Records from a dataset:
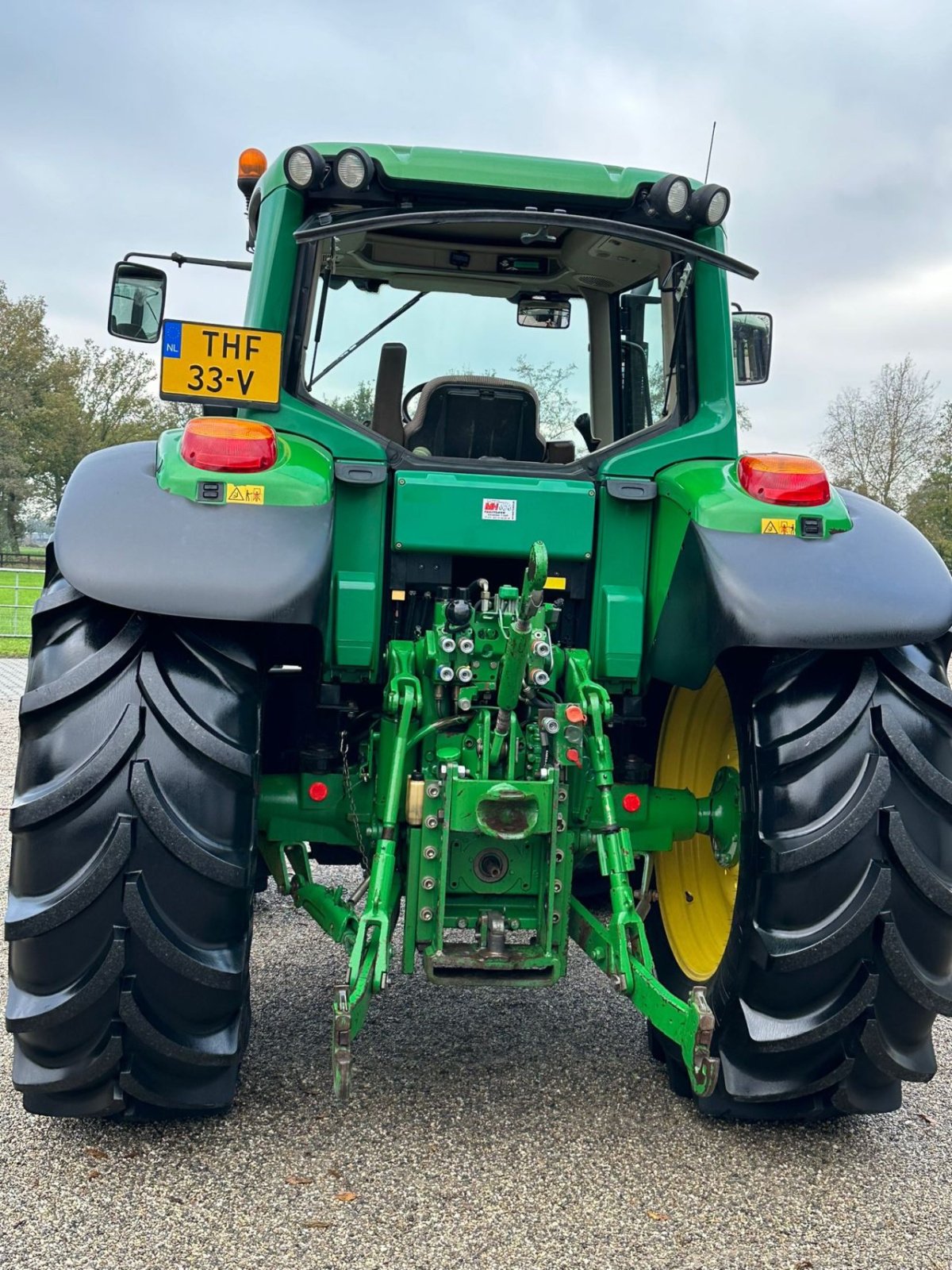 Traktor van het type John Deere 6620, Gebrauchtmaschine in Linde (dr) (Foto 6)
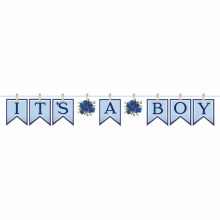 It's a Boy Banner 12ft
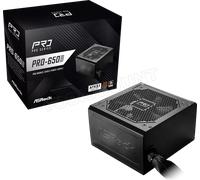 Alimentation ATX ASRock Pro-B - 650W (Noir)
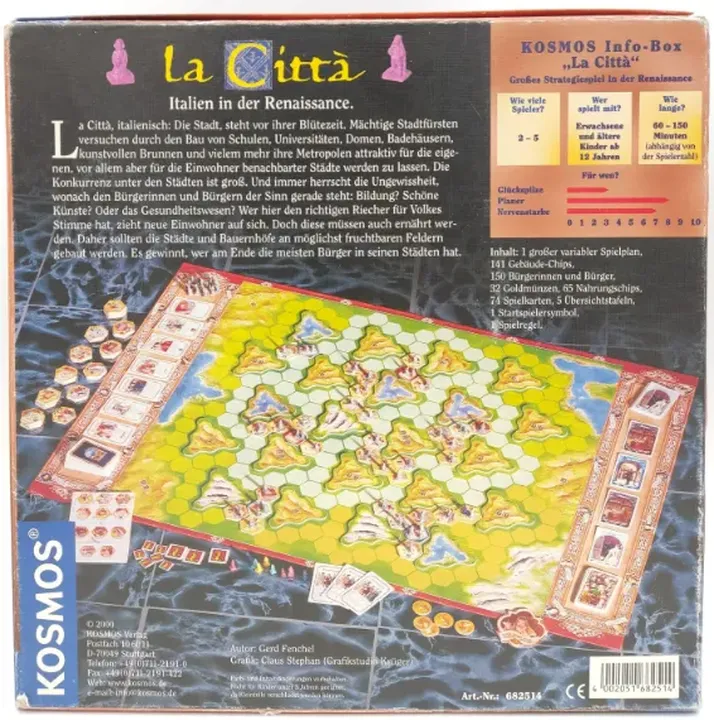 La Citta - Strategiespiel - Kosmos - Bild 2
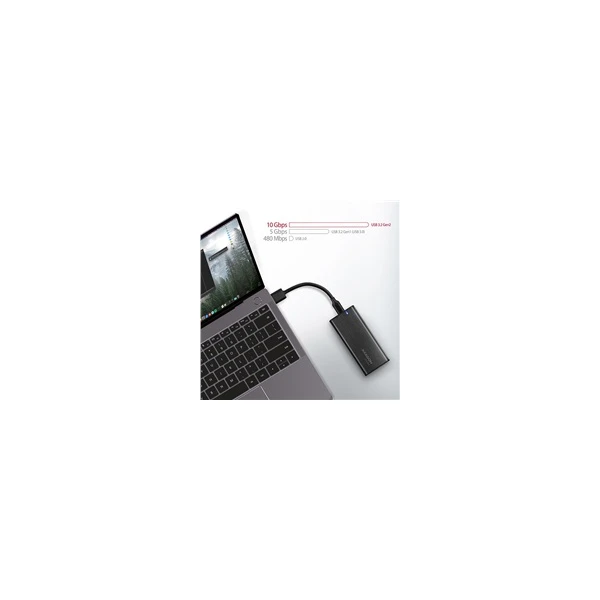 AXAGON EEM2-SBC externí box pro M.2 SATA SSD kovový USB-C 3.2 - Externí boxy - Obrázek 0660700301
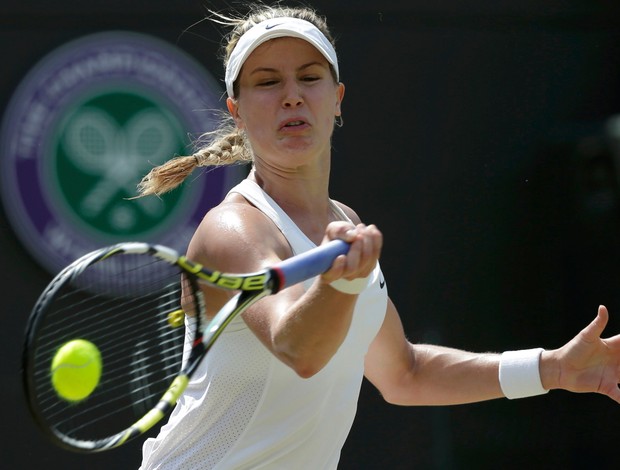 Eugenie Bouchard tenis wimbledon (Foto: Reuters)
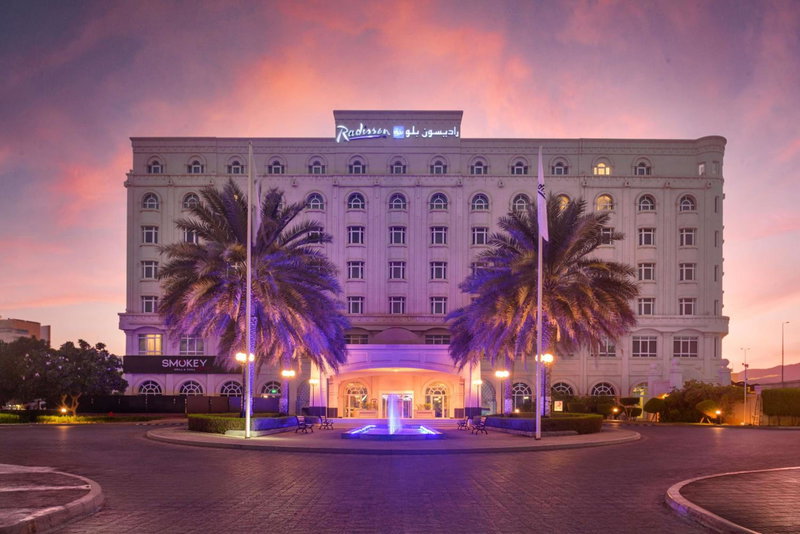 Radisson Blu Hotel, Muscat, Muscat, Oman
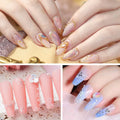 Nails Art Bubble Rhinestones Purple Yellow Pink Accessories Acrylic 3d Epoxy Resin Parts 1 Box Material Charms Wholesale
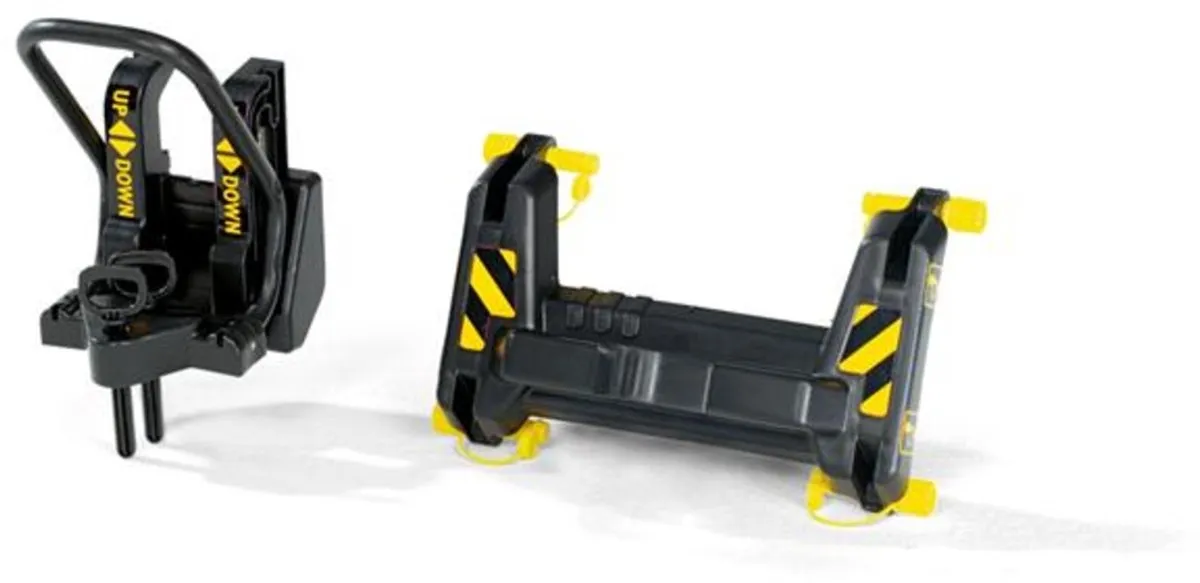 Rolly Toys Traktor Sneeuwschuiver 40 961 7 - Grijs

Instructions to follow:
In the copy, leave out all pictures, and retype exactly each line from the one with "It's a Boy Banner 12ft" through the last line of the entries.

Exercise output:
 It's a Boy Banner 12ft
 Alimentation ATX ASRock Pro-B - 650W (Noir)
 La Citta - Strategiespiel - Kosmos - Bild 2
 AXAGON EEM2-SBC externí box pro M.2 SATA SSD kovový USB-C 3.2 - Externí boxy - Obrázek 0660700301
 Eugenie Bouchard tenis wimbledon (Foto: Reuters)
 Radisson Blu Hotel, Muscat, Muscat, Oman
 Nails Art Bubble Rhinestones Purple Yellow Pink Accessories Acrylic 3d Epoxy Resin Parts 1 Box Material Charms Wholesale
 Rolly Toys Traktor Sneeuwschuiver 40 961 7 - Grijs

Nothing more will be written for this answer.